I actually don’t go to Jo’s Coffee much at all. They’re way down in South Austin, where-as I’m in “North Central.” But, they have a Twitter account which was used a bit at first, but has since died down (no posts since nine months ago). My thinking is that they should just hook-up a Twitter bot to post 2-3 things every day, maybe pre-load it (use an auto-posting bot) each week with a bunch of silly comments like:
Just got a new shipment of onion buns for our burgers. Cooking up rare patty now for breakfast burger. So good.
Print out this Twitter and bring it by Jo’s south for a free refill on coffee. Bet in the first 10, and get a free cup!
I think those Amy’s Ice-cream people across the street are up to something. Coffee melts ice-cream, boy-o.
Thinking about introducing coffee line for dogs.
In the summer, how can we get the coffee just hot enough to taste good, but not so hot that you don’t want to drink it in the Austin heat?
A little embarrassed that we have a shop in something called 2nd street district. “District” is just one friggin’ block!
[Assuming some ERP/back-office integration] Just sold 300 cups of coffee today.

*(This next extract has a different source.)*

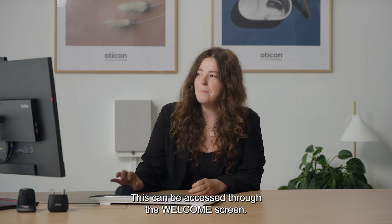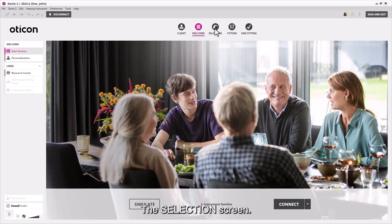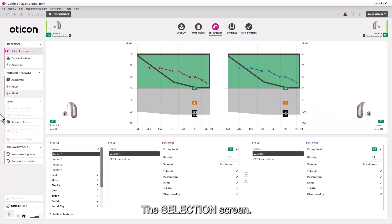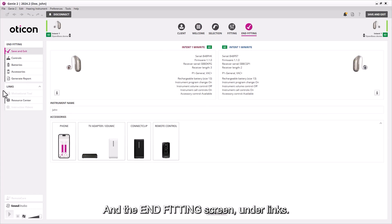This can be accessed through the Welcome screen, the Selection screen, and the End Fitting screen under Links.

It’s only 10AM.
I’m sure the customers could think of better things to say. Indeed, Jo’s could put up a little sign that said, “write down 140 character thing for Jo to say: get a free re-fill” and then use those “user-submitted” Tweats. A free re-fill is certainly better than digital sharecropping for nothing.
The point here, of course, is to sell more coffee eventually. More so, it’s to keep me and other @joscoffee people entertained and eye-balling Jo’s even when they’re not there drinking coffee of enjoying those delicious onion-bunned burgers. Sure, you could think of it as annoying spam-junk, but then you can just not follow and even block them.

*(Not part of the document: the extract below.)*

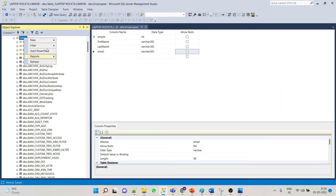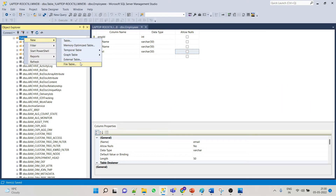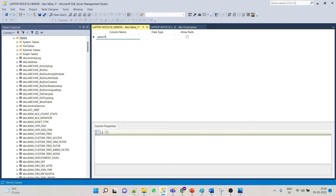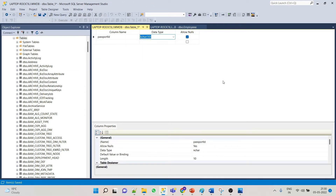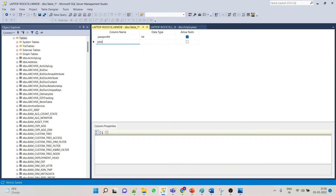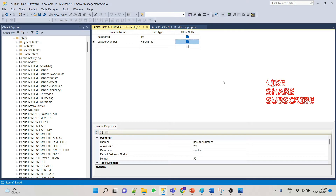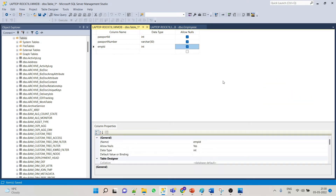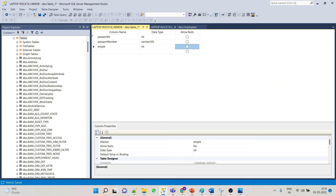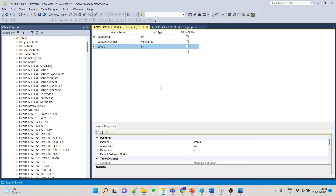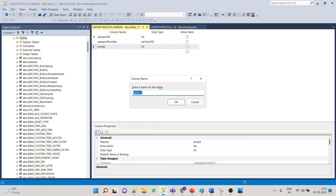Now let's create another table. This would be our primary key. Save this table as Employee Details.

Now, if you had the actual employees manning the @joscoffee account, well, that’d be a whole new thing of excitement.
Either way, I’m sure people following @joscoffee would often see a Twit, think they want a coffee, and then next thing you know end up at Jo’s, where they’d probably be going already if someone would just ask. I mean, it’s the internet man: that’s the kind of crap we do if people opt-in to it.
As always, this general train of thought applies to more than just @joscoffee, or even coffee shops. It’d be rad if my neighborhood coffee shop - which I do frequent, mostly for coffee on the go - Thunderbird had it.